Brief descriptive captions:
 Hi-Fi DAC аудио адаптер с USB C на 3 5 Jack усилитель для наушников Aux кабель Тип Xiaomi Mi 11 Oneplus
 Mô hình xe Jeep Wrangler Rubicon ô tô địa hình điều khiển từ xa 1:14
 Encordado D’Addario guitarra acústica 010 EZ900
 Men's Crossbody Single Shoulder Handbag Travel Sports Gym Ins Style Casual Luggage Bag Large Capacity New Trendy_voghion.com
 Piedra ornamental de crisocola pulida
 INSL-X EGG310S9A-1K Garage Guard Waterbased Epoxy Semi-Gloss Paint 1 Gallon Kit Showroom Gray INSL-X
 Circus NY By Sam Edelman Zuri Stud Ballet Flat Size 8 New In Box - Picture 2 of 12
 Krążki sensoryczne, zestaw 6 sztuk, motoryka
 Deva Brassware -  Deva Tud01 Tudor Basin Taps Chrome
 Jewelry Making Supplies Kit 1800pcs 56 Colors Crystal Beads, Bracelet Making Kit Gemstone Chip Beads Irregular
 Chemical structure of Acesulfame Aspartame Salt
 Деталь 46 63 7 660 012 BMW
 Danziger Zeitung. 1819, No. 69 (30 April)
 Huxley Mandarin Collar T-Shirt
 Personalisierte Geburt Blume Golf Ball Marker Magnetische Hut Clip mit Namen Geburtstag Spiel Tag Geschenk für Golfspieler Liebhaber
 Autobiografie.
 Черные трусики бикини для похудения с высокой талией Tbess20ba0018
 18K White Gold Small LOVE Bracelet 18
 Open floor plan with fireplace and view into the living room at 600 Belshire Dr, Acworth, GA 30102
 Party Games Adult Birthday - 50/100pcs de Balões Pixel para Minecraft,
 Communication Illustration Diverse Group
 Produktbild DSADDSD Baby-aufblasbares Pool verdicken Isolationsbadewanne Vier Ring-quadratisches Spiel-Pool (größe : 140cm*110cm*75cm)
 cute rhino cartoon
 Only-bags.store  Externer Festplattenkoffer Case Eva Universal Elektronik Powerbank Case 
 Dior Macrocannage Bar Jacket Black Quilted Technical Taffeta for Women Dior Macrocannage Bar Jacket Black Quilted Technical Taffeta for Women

The task.
Please give the number of lines above containing "Spiel" and nothing else.

Answer area.
2